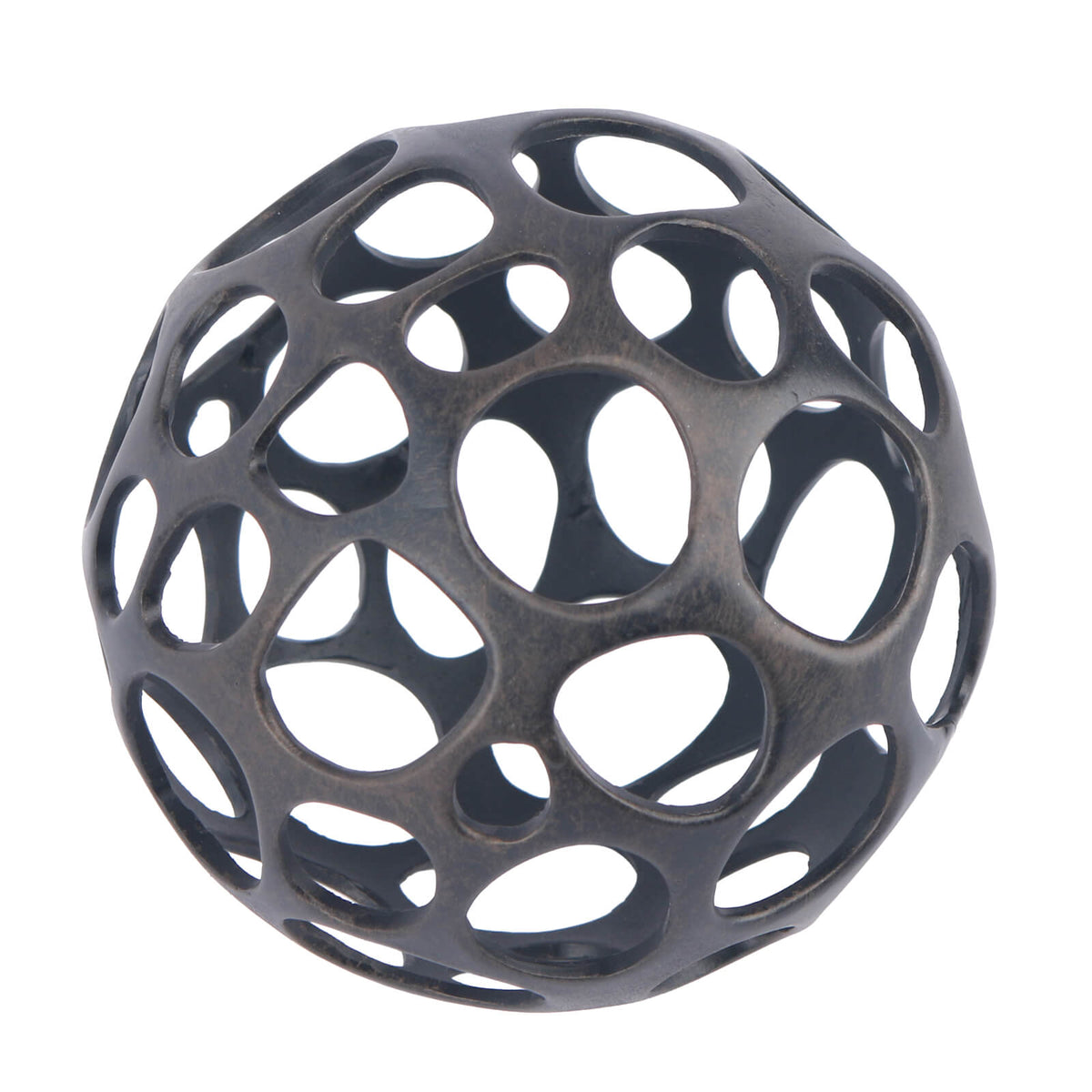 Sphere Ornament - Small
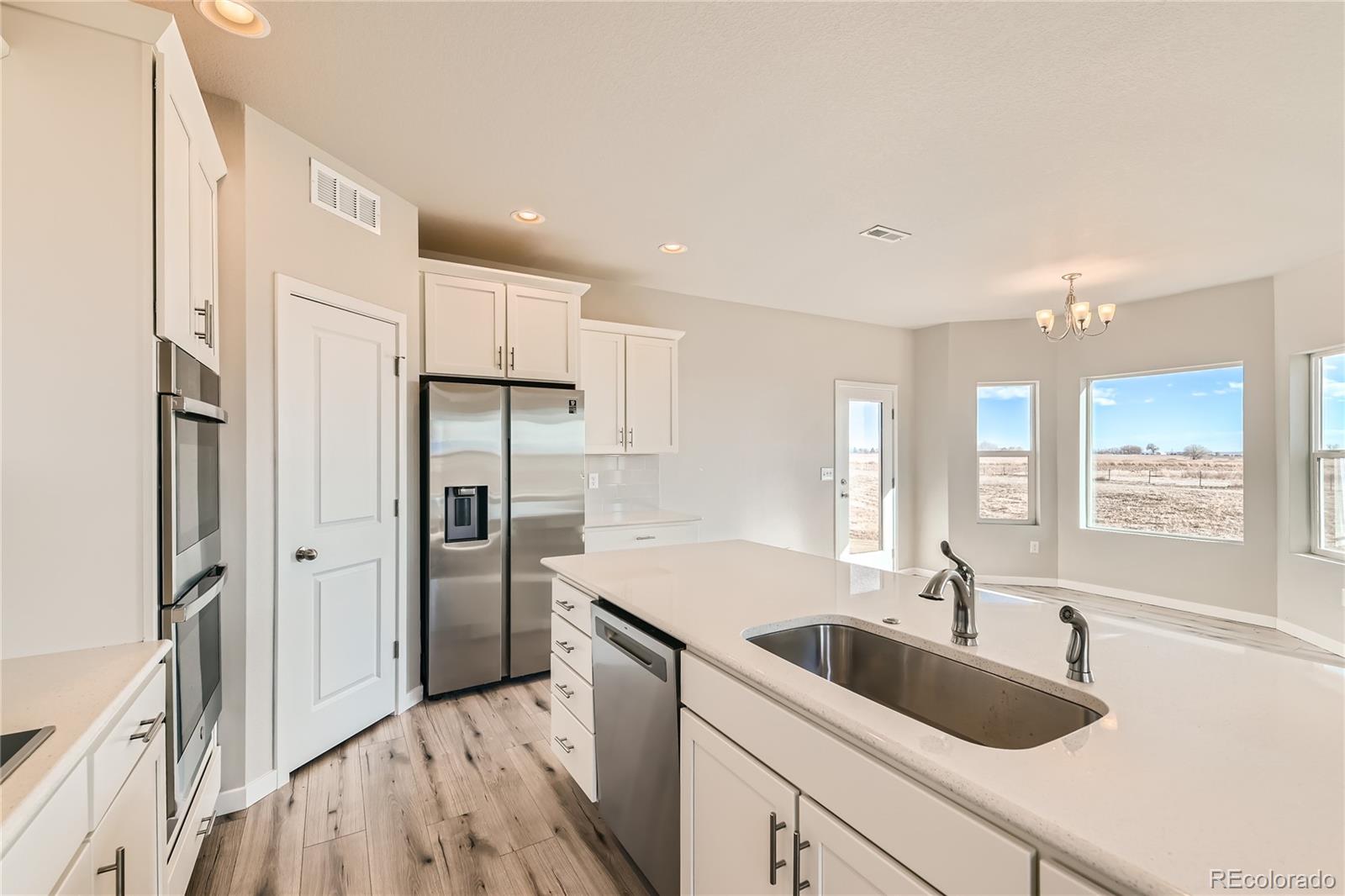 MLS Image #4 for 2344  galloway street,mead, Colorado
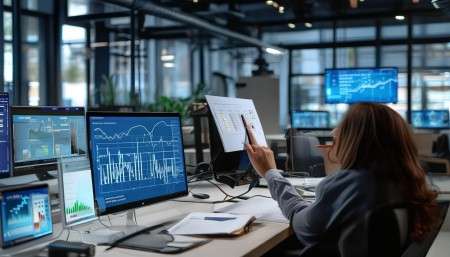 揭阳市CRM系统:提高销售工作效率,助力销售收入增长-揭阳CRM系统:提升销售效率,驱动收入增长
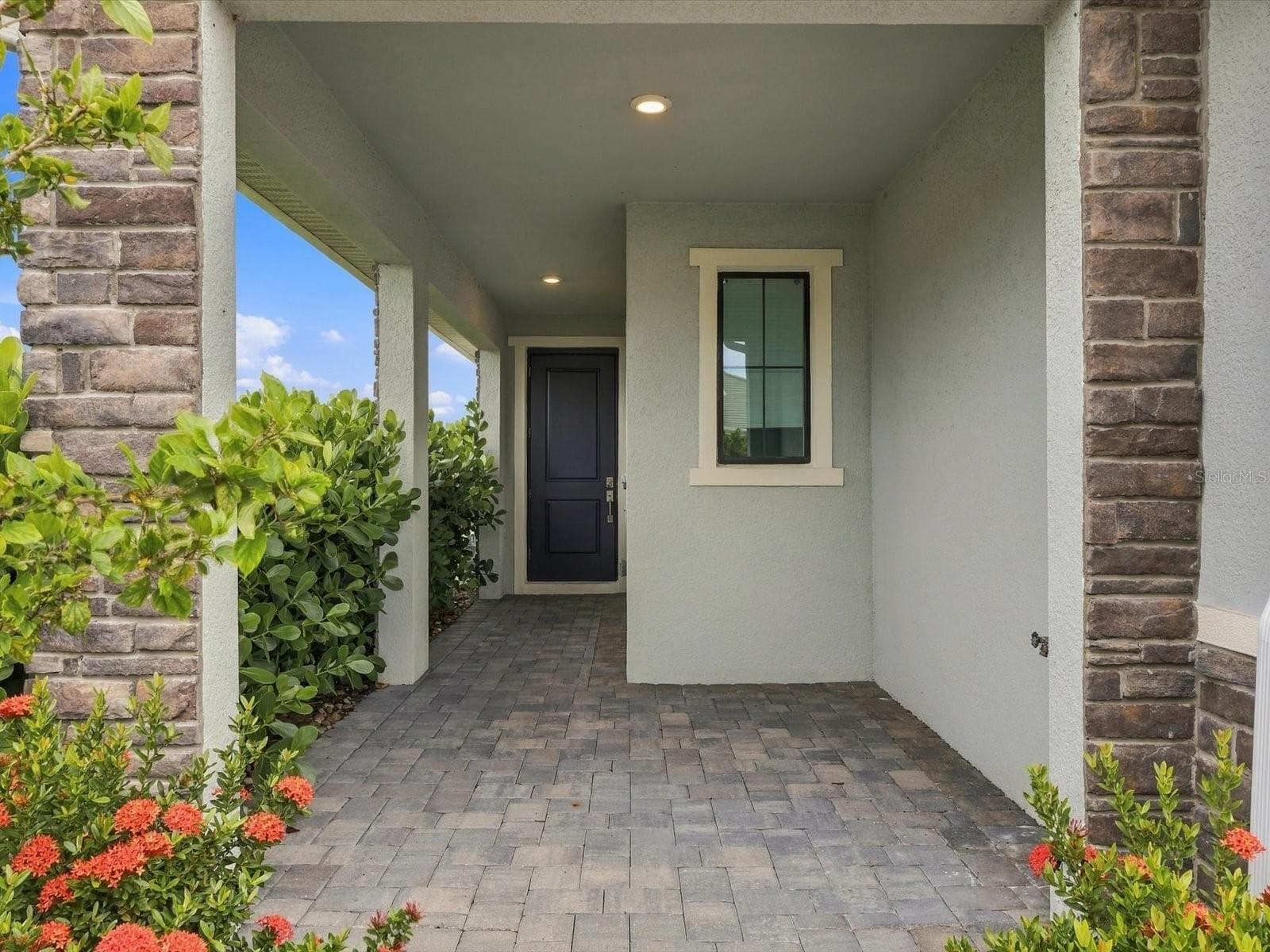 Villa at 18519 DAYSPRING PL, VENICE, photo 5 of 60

=-=-=-=-=

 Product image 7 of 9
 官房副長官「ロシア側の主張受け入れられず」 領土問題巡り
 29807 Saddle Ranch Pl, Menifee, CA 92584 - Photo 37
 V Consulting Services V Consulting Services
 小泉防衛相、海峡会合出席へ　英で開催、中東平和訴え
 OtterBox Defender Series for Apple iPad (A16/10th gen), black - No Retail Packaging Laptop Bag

=-=-=-=-=

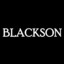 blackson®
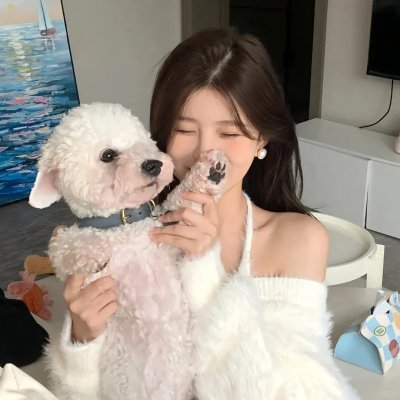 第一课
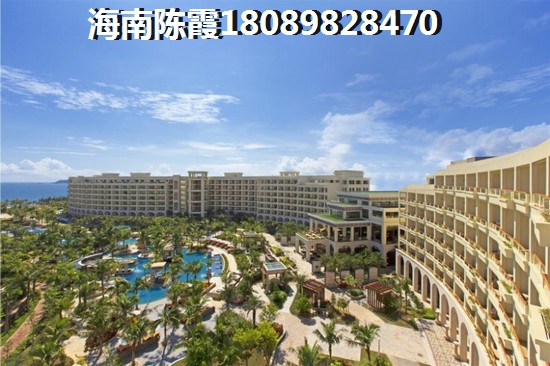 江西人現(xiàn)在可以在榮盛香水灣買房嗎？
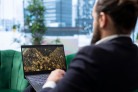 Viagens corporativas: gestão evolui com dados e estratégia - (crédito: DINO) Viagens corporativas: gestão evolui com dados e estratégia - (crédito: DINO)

=-=-=-=-=

◆ AIM OF THE EXERCISE
In the listing above, locate the line containing "官房副長官「ロシア側の主張受け入れられず」 領土問題巡り" and the line containing "OtterBox Defender Series". Extract those two lines and every line between them, exactly as written, and only those.

◆ YOUR RESPONSE
 官房副長官「ロシア側の主張受け入れられず」 領土問題巡り
 29807 Saddle Ranch Pl, Menifee, CA 92584 - Photo 37
 V Consulting Services V Consulting Services
 小泉防衛相、海峡会合出席へ　英で開催、中東平和訴え
 OtterBox Defender Series for Apple iPad (A16/10th gen), black - No Retail Packaging Laptop Bag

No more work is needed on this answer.